In GitLab 14.6, flavor was added to try to detect the underlying managed database variant. Possible values are "Amazon Aurora PostgreSQL", "PostgreSQL on Amazon RDS", "Cloud SQL for PostgreSQL", "Azure Database for PostgreSQL - Flexible Server", or "null".

In GitLab 13.5, pg_system_id was added to send the PostgreSQL system identifier.

Export Service Ping data

Rake tasks exist to export Service Ping data in different formats.

  • The Rake tasks export the raw SQL queries for count, distinct_count, sum.
  • The Rake tasks export the Redis counter class or the line of the Redis block for redis_usage_data.
  • The Rake tasks calculate the alt_usage_data metrics.

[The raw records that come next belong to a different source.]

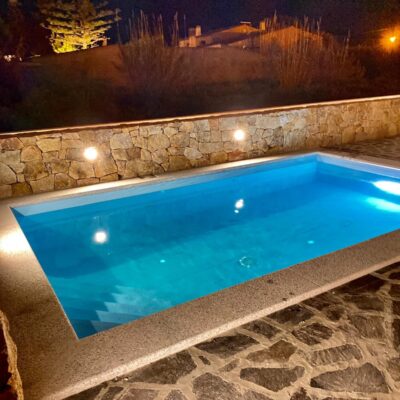 Complesso-Lo-Zefiro-10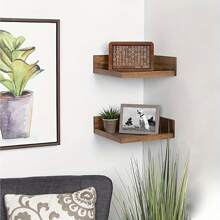 VINCAN 1 pièce Tirelire créative UE DIY, décoration pour la maison, cadeau éducatif pour enfants, boîte à monnaie en bois réutilisable pour la planification numérique
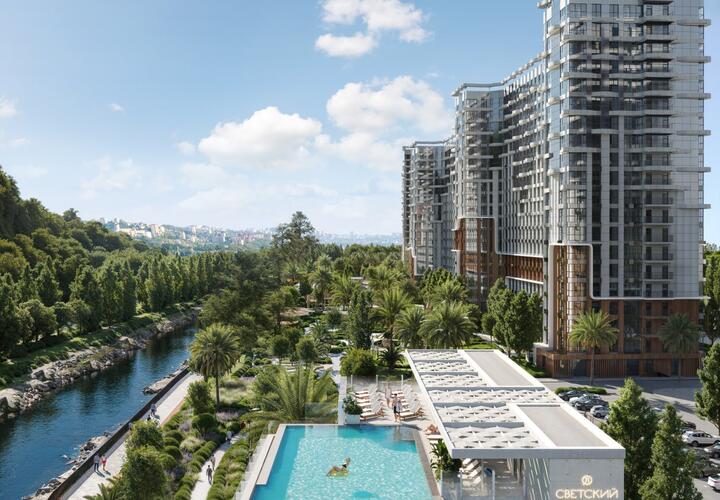 Фото: ГК ТОЧНО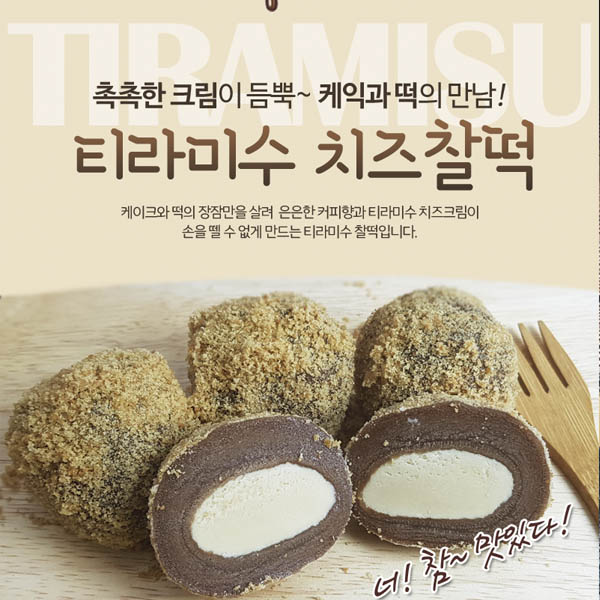 1563869313 thumbnail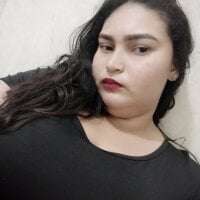 Live sex webcam photo for penelope_bbw #276909605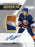 2025/26 Upper Deck Premier NHL Hockey Hobby Box/Case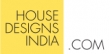 House Designs India 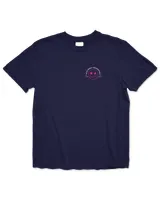 Heavyweight Garment-Dyed T-Shirt – Comfort Colors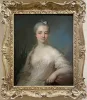 Marie-Anne Loir — AWARE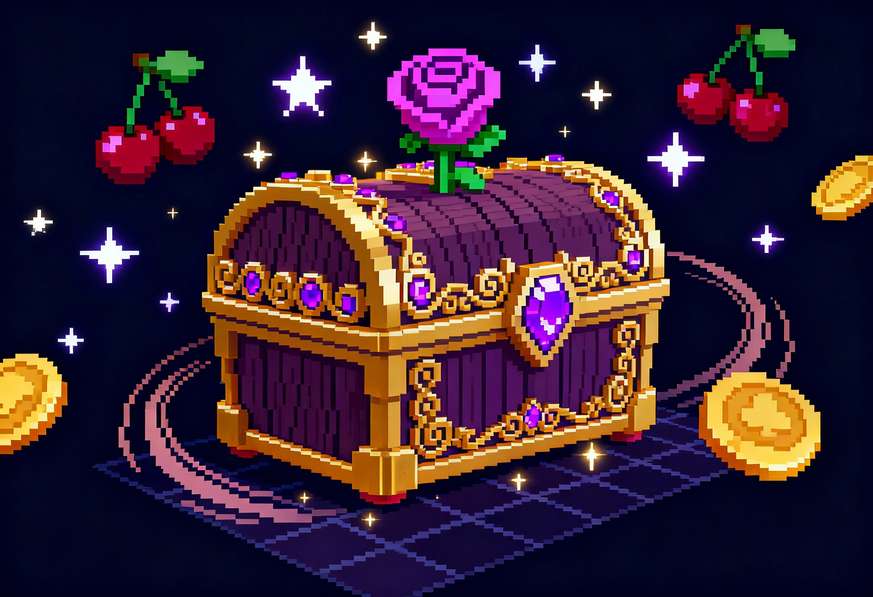https://tortuga-casinoit.com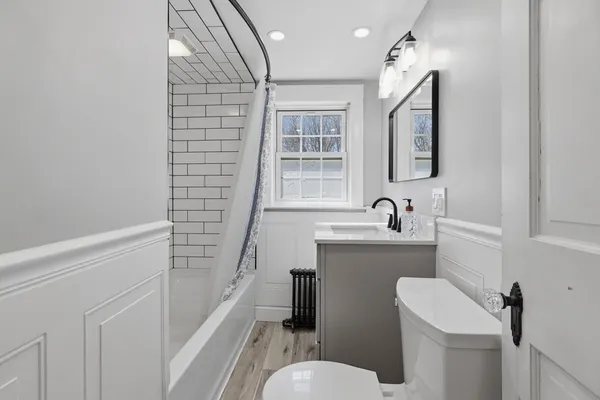 $388,000 | 42 Bacon Street, Westminster, MA 01473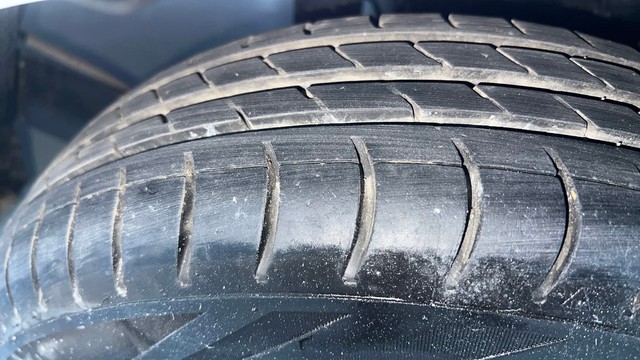 Second-hand 2015 Hyundai EON Era for sale in Sonipat-25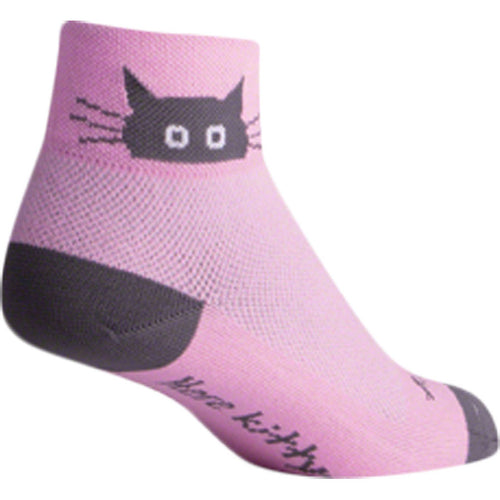 SockGuy--Small-Medium-Classic-Low-Socks_SK0139PO2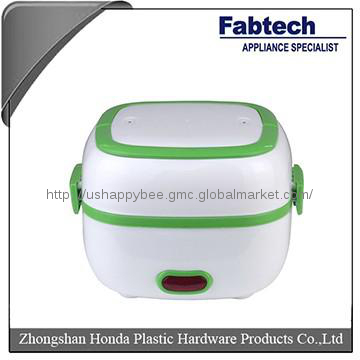 Electric Rice Cooker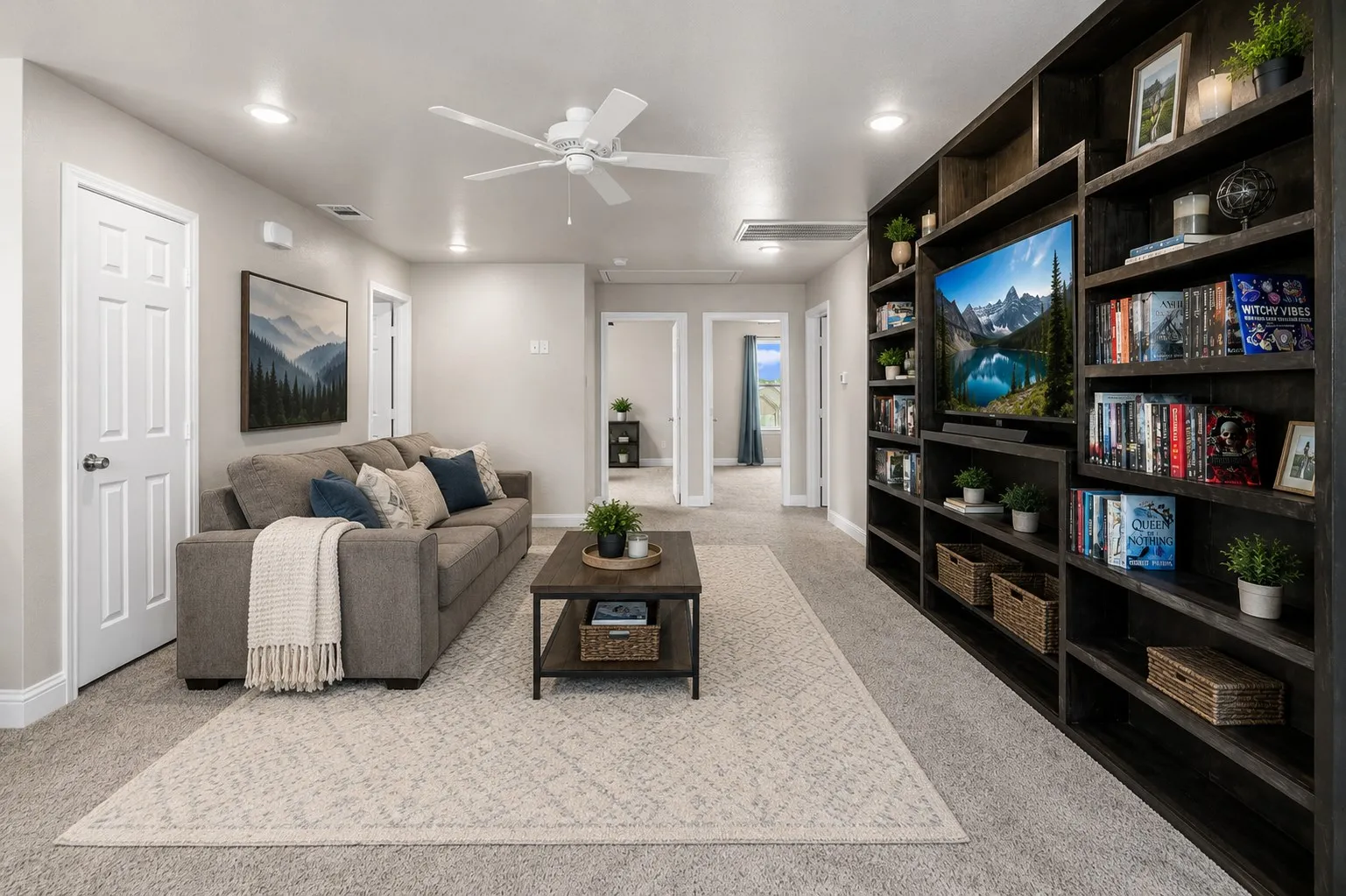 Single Family Residence For Sale in Hopkins County , 239 Marianne Circle, Sulphur Springs, Texas 75482, 4 Bedroom, 3 Bathroom, 1 Garage spaces, 2,111 Sqft, built in 2023, mls#21328460, Real Estate Agent in Sulphur Springs, Homes For Sale in Hopkins county, Homes For Sale in Sulphur Springs, Realtor in Sulphur Springs Texas, Real Estate Brokerage Independent Realty Texas, Luminita Cordes Realtor
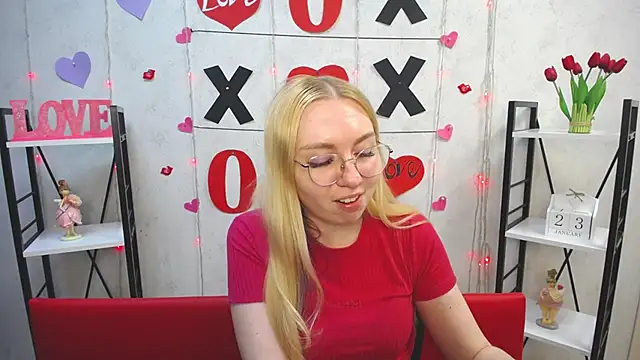 Snapshot of BeatriceFly chatting on 01/23/25, 02:50 BeatriceFly online show from 01/23/25, 02:50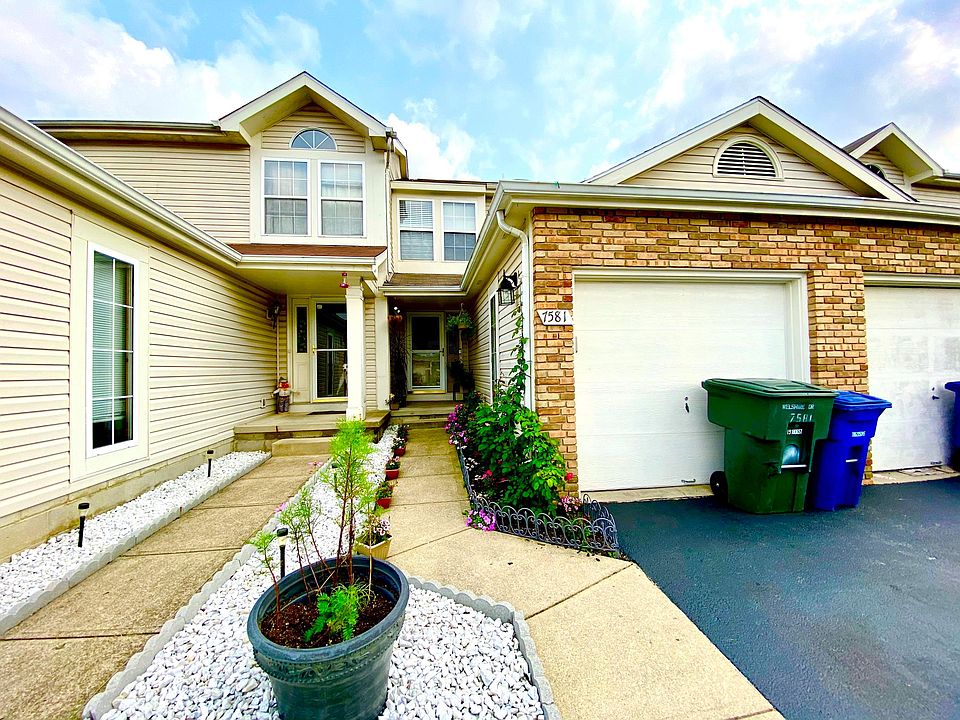 1st image of 7581 Wellshire Dr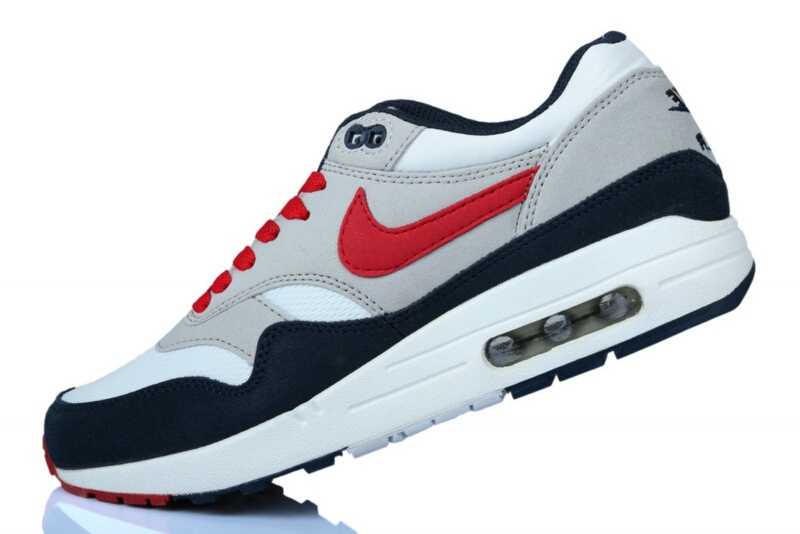 nike air max 1 87 chaussures air max nike vente en gros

In the home directory of your local GitLab installation run the following Rake tasks for the YAML and JSON versions respectively:

# for YAML export of SQL queries
bin/rake gitlab:usage_data:dump_sql_in_yaml

# for JSON export of SQL queries
bin/rake gitlab:usage_data:dump_sql_in_json

# for JSON export of Non SQL data
bin/rake gitlab:usage_data:dump_non_sql_in_json

# You may pipe the output into a file
bin/rake gitlab:usage_data:dump_sql_in_yaml > ~/Desktop/usage-metrics-2020-09-02.yaml

Generate Service Ping

To generate Service Ping, use Teleport or a detached screen session on a remote server.

Triggering

Trigger Service Ping with Teleport

  1. Request temporary access to the required environment.
  2. After your approval is issued, access the Rails console.
  3. Run GitlabServicePingWorker.new.perform('triggered_from_cron' => false).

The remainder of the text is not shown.